## Your objective
Repeat, word for word, every line from the line holding "Вечер пятницы переозвучка" through the final line of the entries below. Skip all pictures.

Items from a data source

┌──

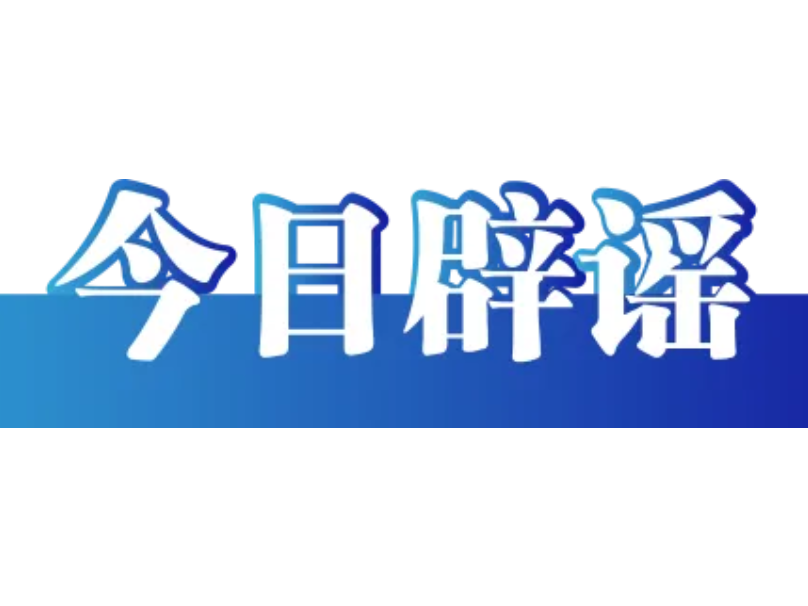 造谣“某企业基地班长不让普工上厕所”者被行拘（2026·09·21）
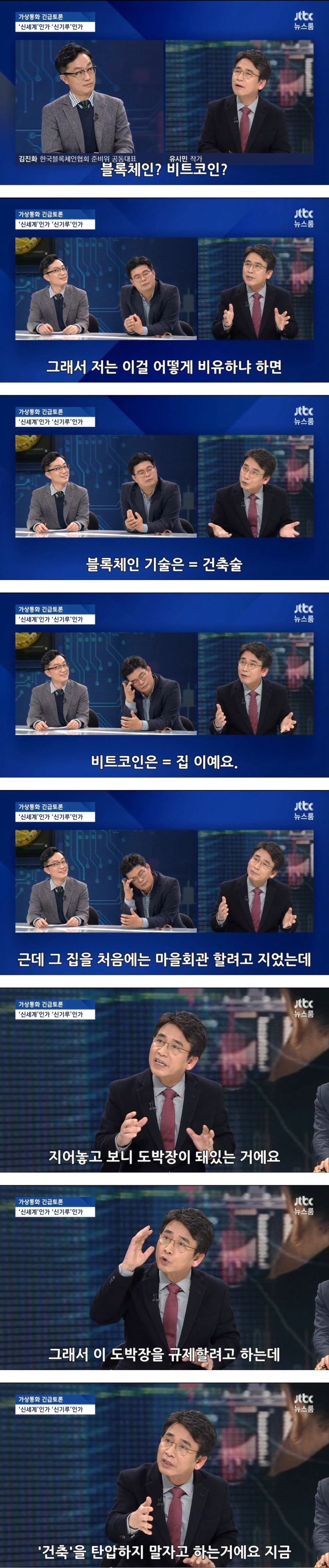 이쯤에서 다시보는 비트코인 팩폭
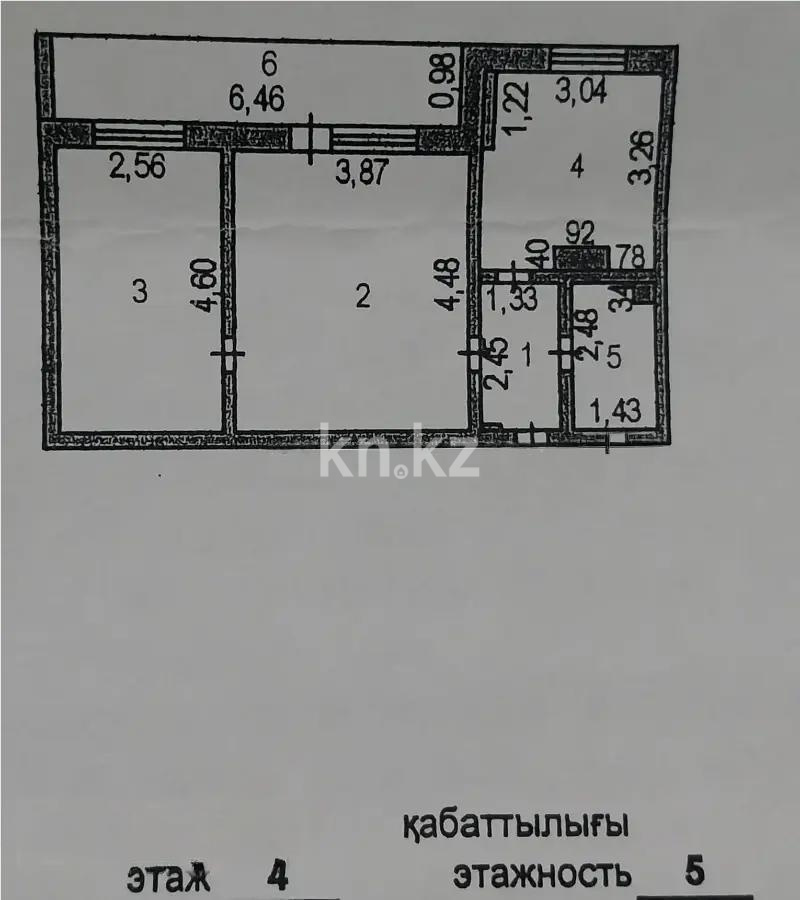 Продажа 2-комнатной квартиры, 51 м² в Астане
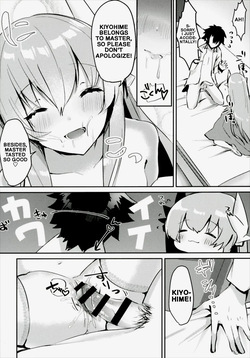 (C91) [Mr.Rabbit (Sakofu)] Kiyohime to Kozukuri ga Shitai!! | I want to make a baby with Kiyohime!! (Fate/Grand Order) [English] — page 13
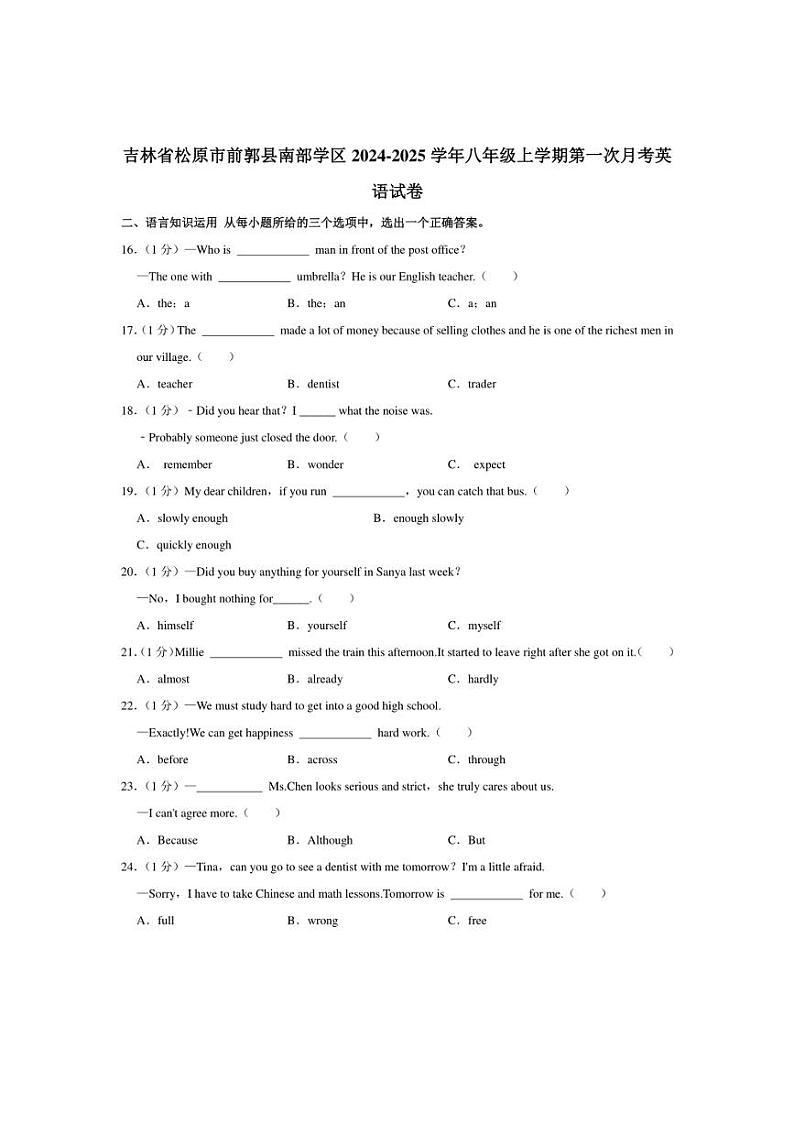 [英语]吉林省松原市前郭县南部学区2024～2025学年八年级上学期第一次月考试卷(有解析)01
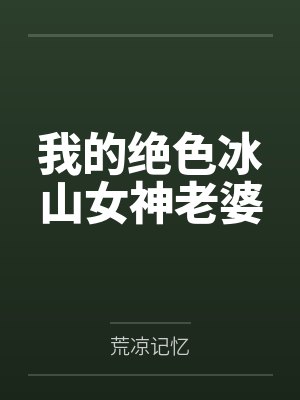 嬴政：假死探扶苏，老四夺位了？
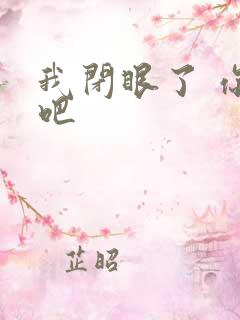 我闭眼了 你亲吧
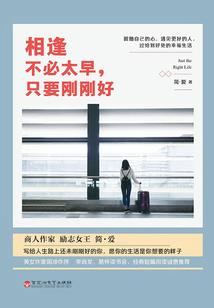 末世之万能召唤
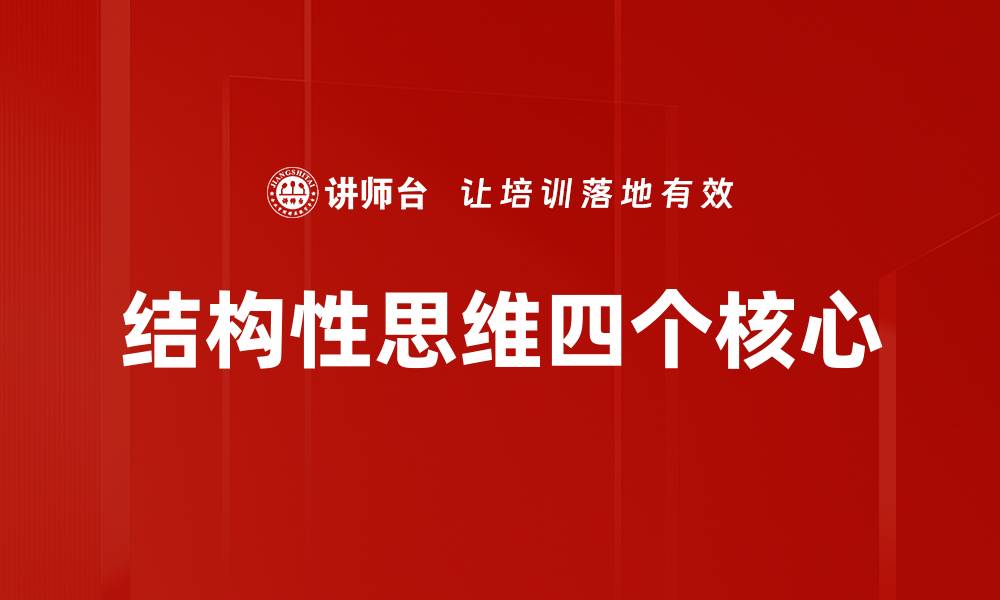 文章结构性思维四个核心的缩略图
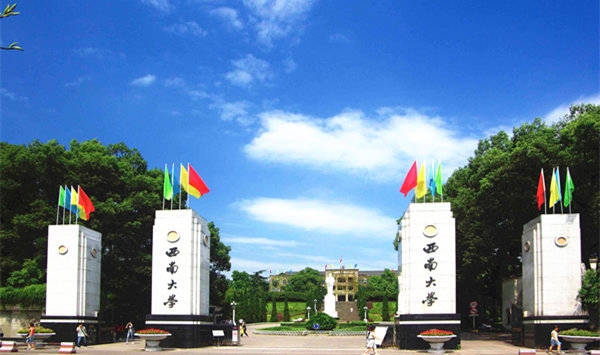 <ucollege class='u-self' data-code='10080'>西南大学</ucollege>.jpg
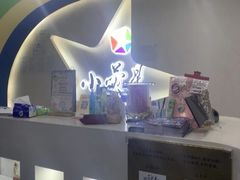 -小荧星艺校(浦东中环分校)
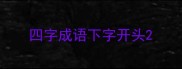 四字成语下字开头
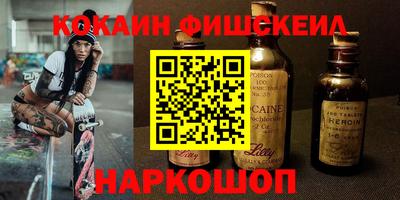 амф Кандалакша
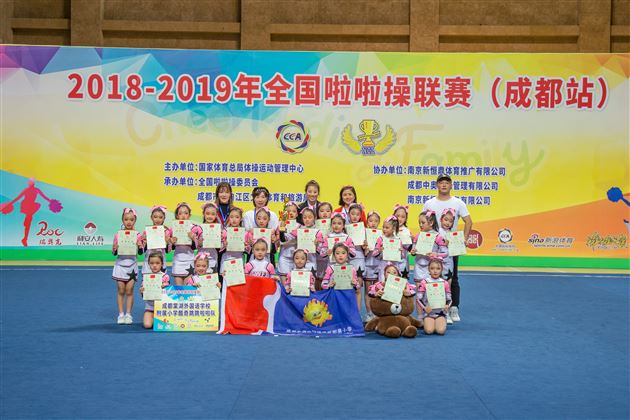 我校附小勇夺2018-2019全国啦啦操联赛冠军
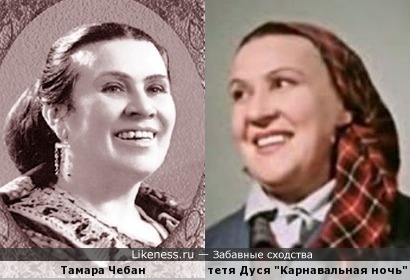 Тамара Чебану и Антонина Сметанкина
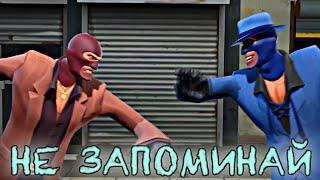 Вечер пятницы переозвучка от не запоминай #tf2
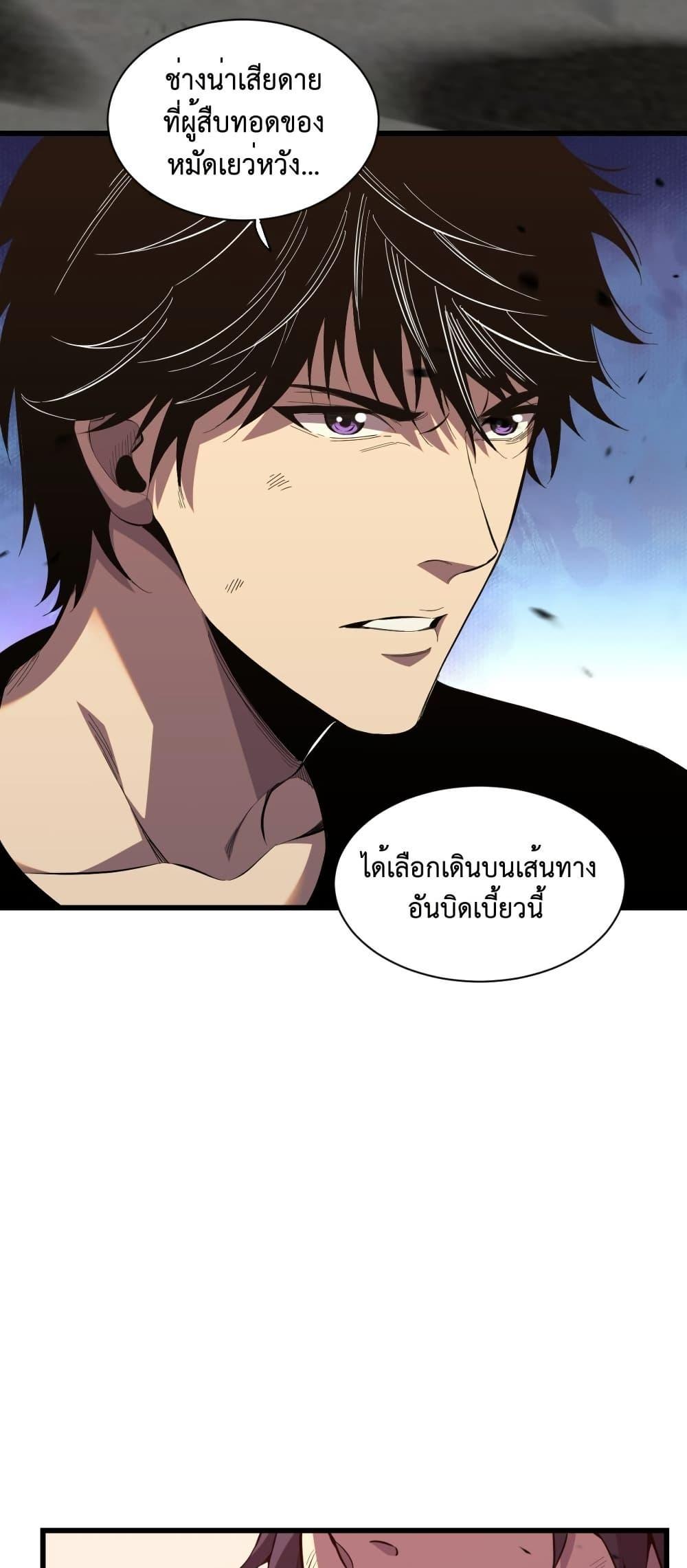 Demon God of Apocalyptic Behemoth ตอนที่ 4 16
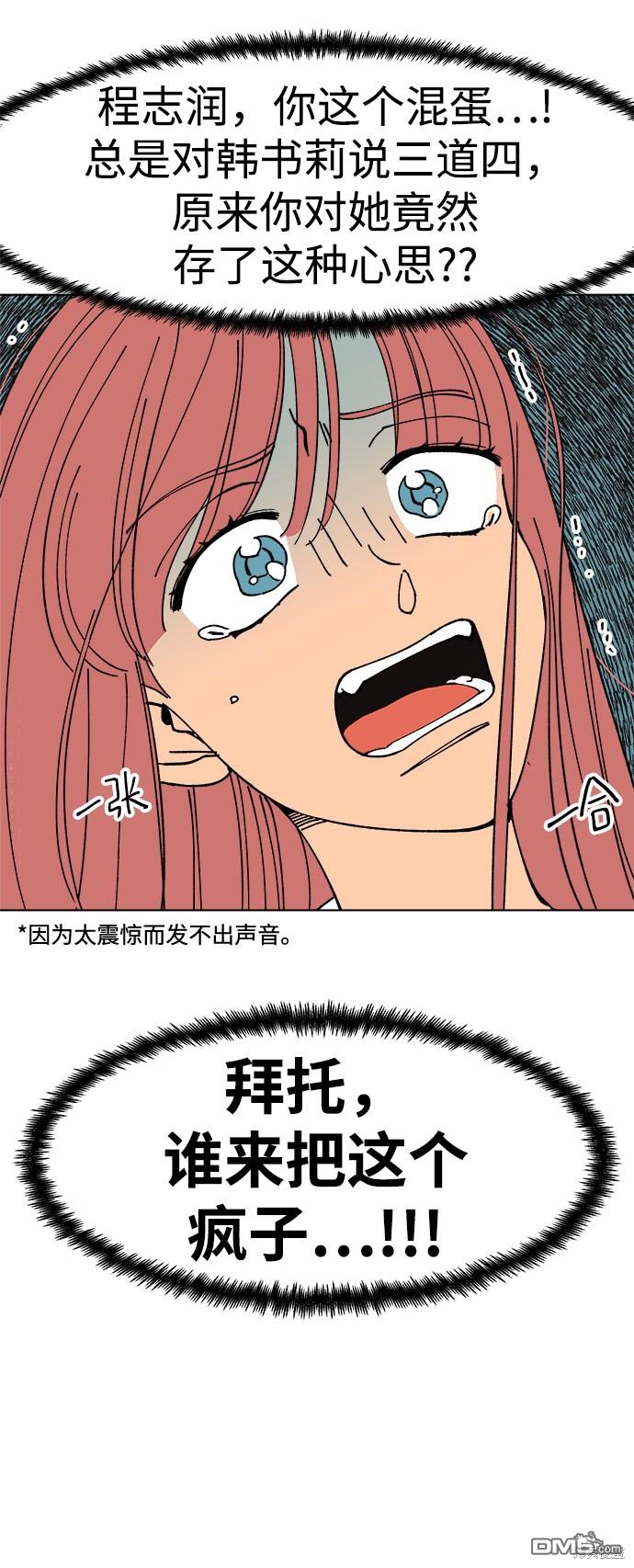 100.jpg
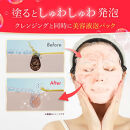 ELLISS&nbsp;バブルクレンジング　150mL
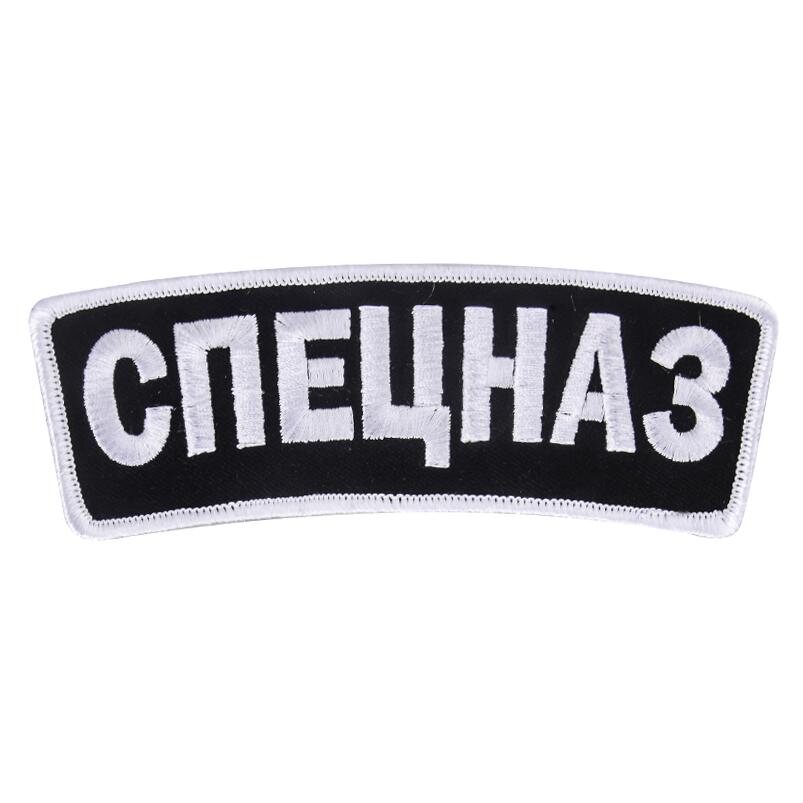 Термонашивка Спецназ (5,2x14,0 см)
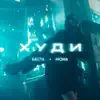 Баста & MONA - Худи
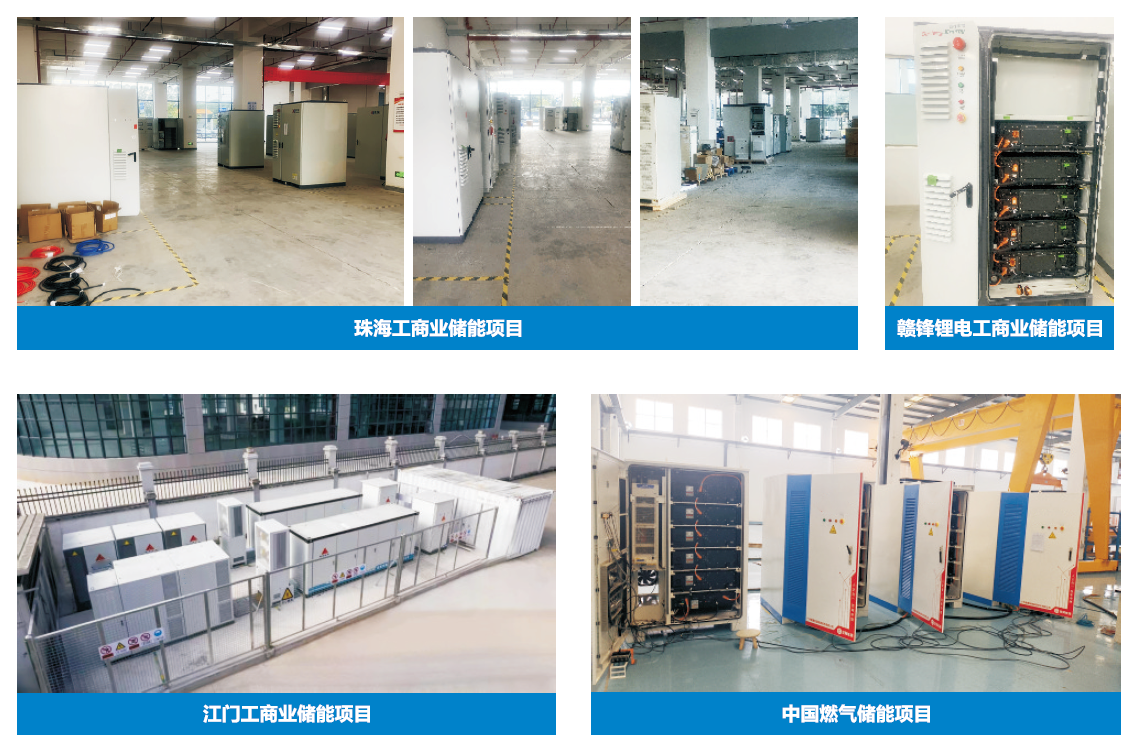 更快的充电，更好的散热！九州酷游液冷护航充电桩储能安全！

└──

## Written answer
 Вечер пятницы переозвучка от не запоминай #tf2
 Demon God of Apocalyptic Behemoth ตอนที่ 4 16
 100.jpg
 ELLISS&nbsp;バブルクレンジング　150mL
 Термонашивка Спецназ (5,2x14,0 см)
 Баста & MONA - Худи
 更快的充电，更好的散热！九州酷游液冷护航充电桩储能安全！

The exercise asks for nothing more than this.